D&D should have some kind of maintenance cost. You pay 1 sp (or whatever) per week to eat decent-quality food. Maybe more in expensive or exotic areas. PCs probably typically carry a certain amount of hard rations, and will buy more if they're going on a desert trek. The money hardly means anything, considering a typical combat encounter nets you enough to eat hundreds of meals.

I've seen food be used really well in a game once... Our characters had been stranded on an island for at least 10 days in game terms (while facing horrible zombies and nearly getting killed numerous times), and when we finally got back to civilization (with not one but two starved rescued ship crews with us, plus captured pirates) we pigged out, some of us got drunk, and then (in an even more civilized area) did so at a really expensive restaurant. That time my character got drunk, and other than barring the door to his room took no precautions. But that kind of RPing is rare.


----------



## CapnZapp (Aug 6, 2019)

The simple answer is that most games ignore it completely and that this is okay.

After all, tabletop role-playing games are a group activity. With limited time together. So for most groups, the focus is on having fun and moving the story along.

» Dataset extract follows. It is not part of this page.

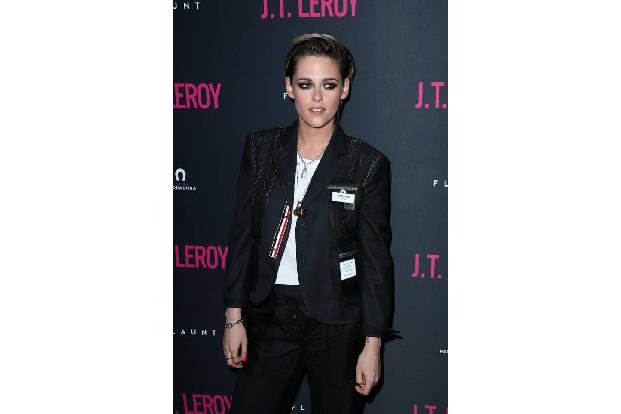 ...Laura Albert die Bücher geschrieben, während eine Frau namens Savannah Knoop (im Film gespielt von Kristen Stewart) mit k...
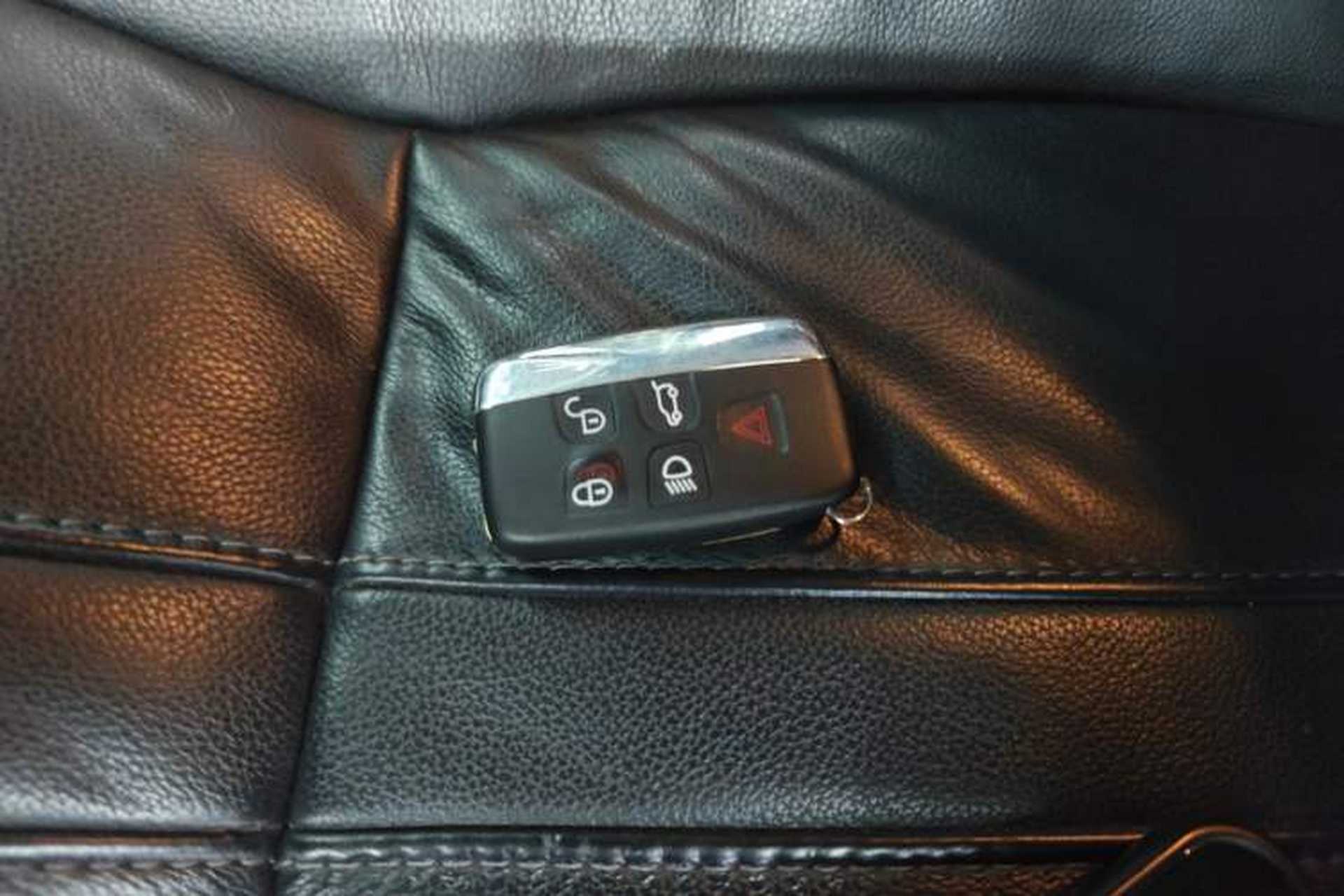 Used Land Rover Discovery 2016 3.0 SC V6 SE Vehicle Key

As you say yourself, the "simulation" minutae is more appropriate in a single-player experience, when there is no risk of "what interests one might bore another" since you're by yourself.


----------



## Sadras (Aug 6, 2019)

Daily lifestyle expense easily handwaves all the mundane items such as food, drinking, stabling, maintenance/replenishment of clothing and equipment, general entertainment...etc


----------



## amethal (Aug 14, 2019)

Hopefully in the last 7 years the OP has managed to come up with something that works for them.


----------



## The Green Hermit (Aug 14, 2019)

If we are in town, we only role play it if we need to discuss something over a meal, otherwise we just double-check that we paid for it. If we are on the road, we make sure we have enough supplies, but otherwise do the same thing.


----------



## the_redbeard (Aug 15, 2019)

It depends upon what style of play suits you.  I'm running 5e in an old school style with enforced (vastly simplified, but enforced) encumbrance.  I've put food and drink requirements on short and long rests (consumption of rations and water in order to benefit from the rest).  During city or social encounters, this often doesn't come up and it's all handled with lifestyle costs. But in wilderness, travel, or dungeons, it gets important.  How much you bring in supply and equipment limits how long you can stay, how much loot you can bring out, and if you are encumbered or not.  It's an aspect of resource management and planning that isn't part of most people's games anymore.


----------



## Loren Pechtel (Aug 16, 2019)

My approach is that you need to list what you are carrying in food & water in your equipment--realistically only for encumbrance purposes.  I note what people are carrying but ignore it unless they are in a situation where there is no resupply to be had for a period longer than what they are carrying.


----------



## Imaculata (Aug 17, 2019)

I use drinks in my pirate campaign as a means of world building. Whenever the players visit a new region, they may see drinks on the menu named after notorious pirates, and be tempted to give them a try. I use a random alcohol effect listfor when the players fail their con saves, which often results in hilarious bits of roleplaying.


----------